Bon, j’ai aucune envie de revivre l’horrible matinée que je viens de me tapper mais bon, si ça peut servir à quelqu’un un jour… Yay, faisons ça pour la science…

Prologue.

J’ai dormi 4h, et pas du meilleur sommeil. Je me suis pourtant réveillé spontanément à 7h en me sentant vraiment pas très content de moi et moyennement bien dans ma peau. J’ai regardé les avions passer dans le ciel en écoutant de la musique pendant une heure, ça m’a un peu apaisé. Et puis à 8h je suis allé prendre ma douche.

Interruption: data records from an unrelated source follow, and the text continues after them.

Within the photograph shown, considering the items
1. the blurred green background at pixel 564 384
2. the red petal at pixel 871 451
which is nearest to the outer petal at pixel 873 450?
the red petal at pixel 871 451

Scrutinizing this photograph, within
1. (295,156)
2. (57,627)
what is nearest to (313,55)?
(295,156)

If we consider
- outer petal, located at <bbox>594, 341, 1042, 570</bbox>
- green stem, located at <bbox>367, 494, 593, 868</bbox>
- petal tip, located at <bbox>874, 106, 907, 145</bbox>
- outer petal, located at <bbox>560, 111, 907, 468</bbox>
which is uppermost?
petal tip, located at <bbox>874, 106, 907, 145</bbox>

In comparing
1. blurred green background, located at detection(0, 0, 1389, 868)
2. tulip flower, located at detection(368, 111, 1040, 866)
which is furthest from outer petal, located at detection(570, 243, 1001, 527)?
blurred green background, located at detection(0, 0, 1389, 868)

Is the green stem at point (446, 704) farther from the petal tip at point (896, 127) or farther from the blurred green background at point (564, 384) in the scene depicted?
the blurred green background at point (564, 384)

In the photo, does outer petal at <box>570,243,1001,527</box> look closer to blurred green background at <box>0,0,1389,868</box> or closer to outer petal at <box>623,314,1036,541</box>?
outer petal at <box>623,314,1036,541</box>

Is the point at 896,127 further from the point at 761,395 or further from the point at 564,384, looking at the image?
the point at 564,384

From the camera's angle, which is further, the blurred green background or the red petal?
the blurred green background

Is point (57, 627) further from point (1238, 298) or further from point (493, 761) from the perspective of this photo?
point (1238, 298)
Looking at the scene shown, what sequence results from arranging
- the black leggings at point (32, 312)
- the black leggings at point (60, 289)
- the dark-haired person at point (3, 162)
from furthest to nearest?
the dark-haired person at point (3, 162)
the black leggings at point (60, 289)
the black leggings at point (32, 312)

Acte I. Les bitch de l’adminstration.

Après une bonne heure trajet, je suis arrivé vers 10h à l’Hopital Intercommunal de Créteil. Direction le bâtiment C, « Gynécologie et obstétrique »… Youpi.
Première salle d’attente, que des couples avec femme enceinte. Je regrette de pas avoir eu une copine à amener avec moi pour qu’elle joue la femme enceinte… Après quelques minutes, c’est à mon tour de voir une des deux secrétaires à l’accueil. Je n’ai pas ma carte d’identité (perdue cet été) mais simplement ma carte vitale (avec photo). Rien à faire, elle est aimable comme une porte de prison et s’en tappe royalement, elle ne veut pas m’inscrire dans l’ordi sans « pièce d’identité » (pff, et la carte vitale c’est quoi ?) et je ne peux pas avoir mon rdv… Elle me demande quel médecin je viens voir et quand je lui dis que je viens voir le Dr D., elle fait une tête qui en dit long type « ah ouais je vois, c’est bien ce qu’il me semblait… » (comprendre « encore un putain de trans »). Je reste poli mais elle me fait plus ou moins dégager en disant qu’elle ne peut rien faire… Je me rends donc à l’accueil des consultations ou je tombe (heureusement) sur deux secrétaires sympas, qui me parle totalement au féminin mais se montrent compréhensives. L’une de m’accompagne revoir la bitch, toujours rien à faire, et à part insister (en mode clin d’oeil) sur le fait que je viens voir le Dr D., elle ne fait rien. Je retourne alors avec la secrétaire gentille dans son bureau et elle me suggère d’aller au commissariat faire une déclaration de perte en me disant, complice « ben oui faut bien trouver des trucs pour contourner l’administration hein… ».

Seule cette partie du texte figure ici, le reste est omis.